[SOURCE MATERIAL]:
------------------------------

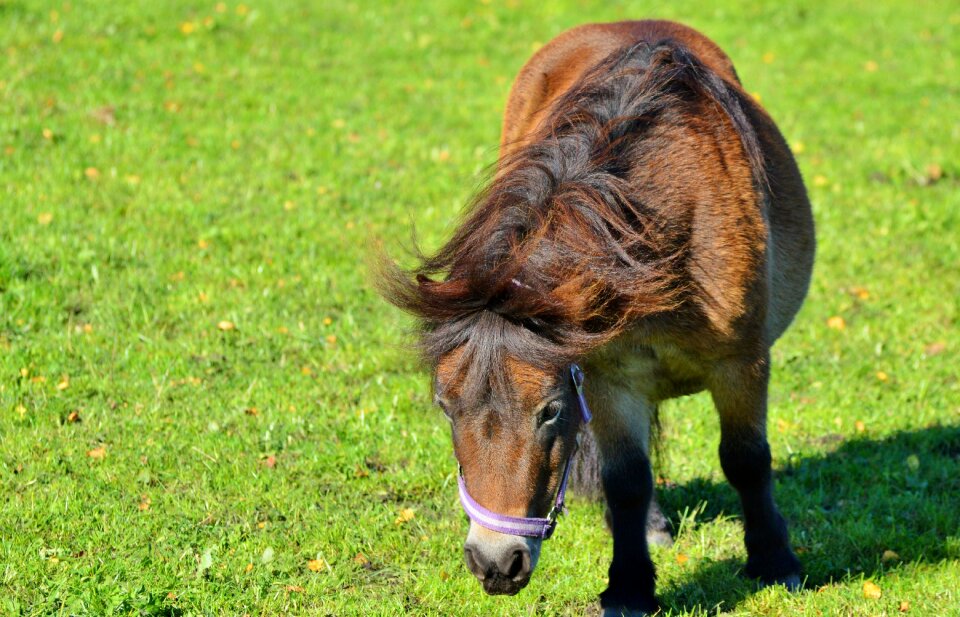 Brown small horse breed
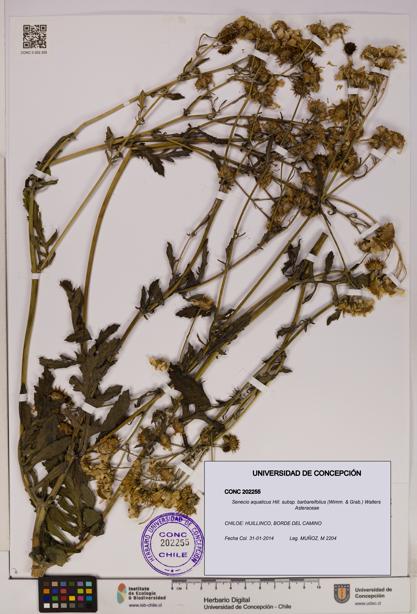 Senecio aquaticus [Espécimen: UDEC:CONC:0202255]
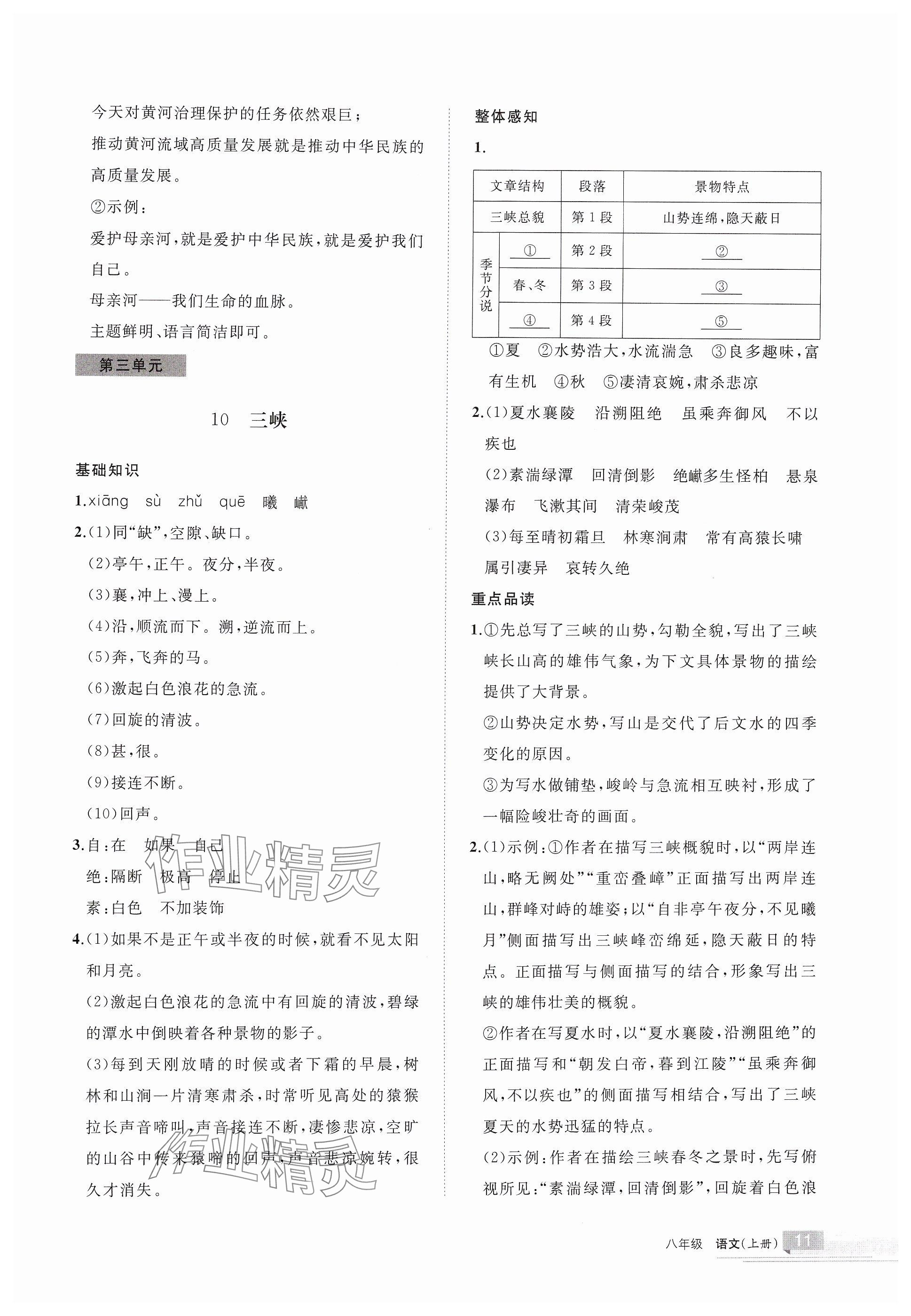 2024年学习之友八年级语文上册人教版 参考答案第11页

------------------------------

[TO DO]:
Nothing but the pictures may be dropped as you repeat the listing above exactly.

[ANSWER SPACE]:
 Brown small horse breed
 Senecio aquaticus [Espécimen: UDEC:CONC:0202255]
 2024年学习之友八年级语文上册人教版 参考答案第11页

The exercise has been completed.